Here are some tips on how to thin out that clutter of financial records you may have accumulated over the years:

1. THE 3-YEAR RULE

A key reason to hold on to your past tax returns and supporting documentation is so you can address any issues should the Internal Revenue Service question any entries on a previous tax return. In most cases, the IRS only has three years after the return was filed to conduct an audit. That means one generally needs to keep past tax returns for at least three years, said Jackie Perlman, principle tax research analyst at The Tax Institute at H&R Block.

"That does not mean when three years are up you should take your return and throw it in the trash," she said. "If you have some concern about being vulnerable to an audit or you think the IRS might look at your return later, you might want to keep that longer."

In the event the IRS suspects you've under-reported your income by 25 percent or more, the agency can audit your returns going back six years. And if the agency believes you committed fraud, it can go audit your prior tax returns as far back as it wants.

If you've filed your tax return electronically, you can retrieve a copy on the IRS website. But it's best to only consider that a backup copy.

2. CONSIDER FUTURE TAX IMPLICATIONS

Some records, like weekly pay stubs, can be discarded after you've received your year-end pay statement. Even if you need to go back to a specific pay period, that stub can likely be recovered from your employer.

Still, you should hold on to records that may be a factor in future tax returns.

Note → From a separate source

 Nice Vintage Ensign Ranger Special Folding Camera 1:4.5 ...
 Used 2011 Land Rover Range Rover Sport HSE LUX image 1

"Very often your tax return is your very best record of a lot of things you've done or haven't done," Perlman said. "You could want that information months or years later."

One example pertains to individual retirement accounts, or IRAs. If you make a non-deductible contribution to an IRA this year, for example, you might want to keep a record of that for years to come, when you begin to take distributions from the retirement account. At that point, such documentation could be necessary to establish that part of that future payout should be tax-free, notes Perlman.